Hier muss übrigens erwähnt werden, dass Hanna Groß eine Woche, nachdem Hilde nach Plötzensee übergeführt worden war, selbst in ein Konzentrationslager kam. Man warf ihr „Fluchtbegünstigung einer Gefangenen" vor - aber das war nur der Vorwand, der dazu berechtigte, eine humane Gefängnisbeamtin unschädlich zu machen. Frau Groß hatte das Pech gehabt, dass ein zum Tode verurteiltes Geschwisterpaar, das seit Wochen an der Vorbereitung seiner Flucht gearbeitet hatte, gerade unter ihrer Aufsicht die Tat zur Ausführung brachte. Eine der Schwestern wurde wieder gefangen - die andere entkam. Und damit war das Schuldkonto von Hanna Groß bis zum Rand gefüllt. Sie hatte schon einmal die Nerven verloren - als sie eines Nachts bei ihrem halbstündlichen Kontrollgang einen Häftling am Fensterkreuz baumeln sah. Ihr fehle völlig die für diesen Posten notwendige Härte, stand in dem Bericht des Gefängnisdirektors. Sie sei gefühlsduselig und antworte mit Weinkrämpfen, wenn man sie beispielsweise beordere, einen widerspenstigen Häftling in den Bunker zu werfen. Und statt die Gefangenen durch Strenge zu züchtigen, habe man sie im Verdacht, dass sie ihnen ihr Dasein erleichtere. - Frau Groß wurde also nach anderthalbjähriger Dienstzeit ihres Amtes enthoben und zu ihrer eigenen Erziehung in ein Lager gesteckt. Dort hatte sie nicht mehr lange zu leiden. Sie starb drei Wochen nach ihrer Einlieferung in Ravensbrück, wo sie sich infolge schwerer Depression die Pulsadern aufschnitt. -
Am 19. November brachte Hilde ihren Jungen zur Welt. Sie durchlitt eine schwere, qualvolle Nacht, und ohne Hanna Groß' umsichtigen Beistand wäre sie wahrscheinlich verblutet. Hanna war es, die den Arzt in letzter Minute aus seinem Phlegma riss - sie sorgte auch später dafür, dass Hilde eine hellere Zelle bekam, die groß genug war, um sie und das Kind aufzunehmen. Sie half Hilde, wo sie nur konnte. Sie beförderte heimlich Hildes Briefe, und als man der Schwangeren die Zusatznahrung versagte, fand Hanna Wege, um sie ihr dennoch zuzustecken.

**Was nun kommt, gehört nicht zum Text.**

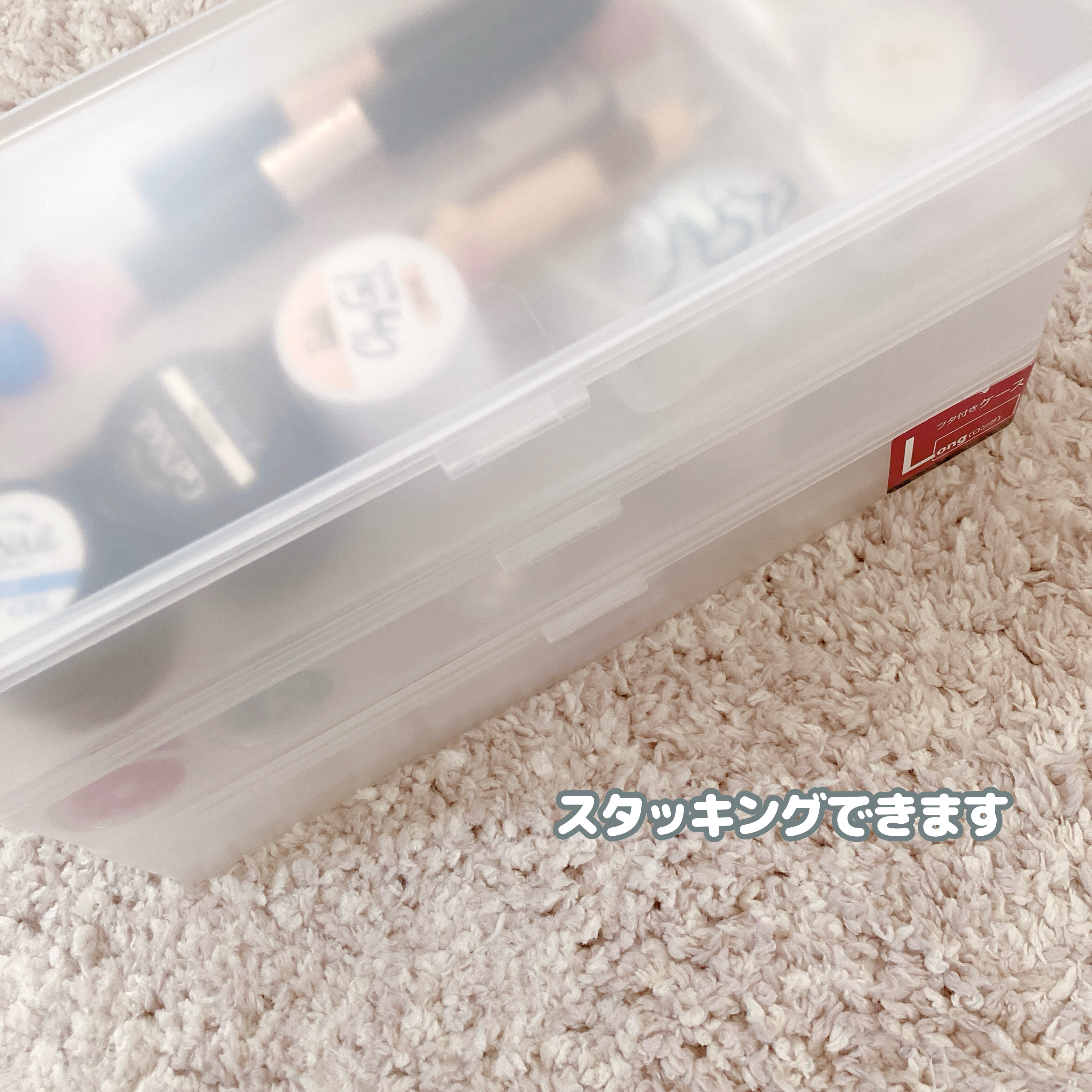 コスメ収納紹介/セリア/その他を使ったクチコミ（3枚目）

Der kleine Hans Steffen war jetzt beinahe drei Wochen alt. Hilde saß an seinem „Bett", das sie ihm am Fußende ihrer Pritsche bereitet hatte. Auf den
Knien hielt sie die Briefe ihres großen Hans. Sie hatte gerade wieder darin geblättert. Der letzte Brief war vom 2. Dezember - da wusste er schon von der Geburt seines Sohnes. Der ganze Brief war Überschwang, Glück - eine Freude, die sich in Worte nicht bändigen ließ.
„Heute ist in meiner Zelle nur Licht - jedenfalls sehe ich keinen Schatten, denn soviel Glück auf einmal habe ich in den letzten Monaten nicht erlebt. Da darf ich doch auch einmal fröhlich sein, nicht wahr?" Und weiter unten: „Ich hoffe nur, dass Du in Deinem Kampf, den Jungen recht lange bei Dir zu behalten, Erfolg hast. Das wäre für uns alle das Schönste..."
Hilde hatte inzwischen schon die Bestätigung erhalten, dass das Kind bei ihr blieb, solange sie es nähren konnte. Jetzt erwartete sie die Antwort der Gestapo auf ihr zweites Gesuch: dass der Vater sein Kind sehen dürfe. Eine Ablehnung war bis heute nicht eingegangen - also konnte sie hoffen. Bei jedem Geräusch von draußen zuckte sie freudig zusammen. Seit Tagen war sie jede Minute darauf gefasst, dass die Tür aufging und Hans über die Schwelle trat. Er selbst hatte ebenfalls ein Gesuch eingereicht. Seinen einzigen (mit Zagen dachte sie: letzten?) Wunsch würden sie ihm nicht abschlagen können.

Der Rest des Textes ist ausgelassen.